Os atores sempre me surpreenderam pela capacidade que têm de incorporar a natureza do texto, isto é, a vida do texto. E o meu método com eles mantém-se: ler o guião em voz alta muitas vezes, sem emoções, para tornar automático o texto, de forma a que a vida do ator, o seu caráter venha à superfície e corresponda às características do texto. Esse é o ponto estranho e milagroso, que ainda constitui um mistério para mim. E é um método que vem de Jean Renoir... Em suma, a história é a base para criar a atmosfera na qual acontece a revelação do ator.
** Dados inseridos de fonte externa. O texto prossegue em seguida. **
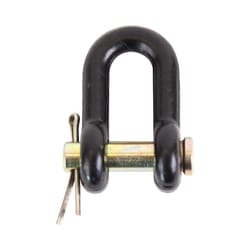 Koch Industries 1.15 in. H Utility Clevis 3000 lb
O título contém também algum mistério. Qual a sua origem? Quando comecei este projeto, decidi filmar a Natureza como motivo principal. E, nessa medida, o título é uma paráfrase da Natureza, um conceito muito japonês: o mal não existe na Natureza. Quer dizer, existem catástrofes naturais muito violentas, mas dificilmente alguém associa esses fenómenos ao mal, por si só. Penso, no entanto, que a maldade existe em quase todos os momentos sociais da vida humana – de certa maneira, o filme observa como ela nasce. Mas, acima de tudo, olho para a frase “Evil Does Not Exist” como o título de uma peça musical, em que a relação com a música é quase abstrata. Agrada-me que o espectador guarde a mesma sensação.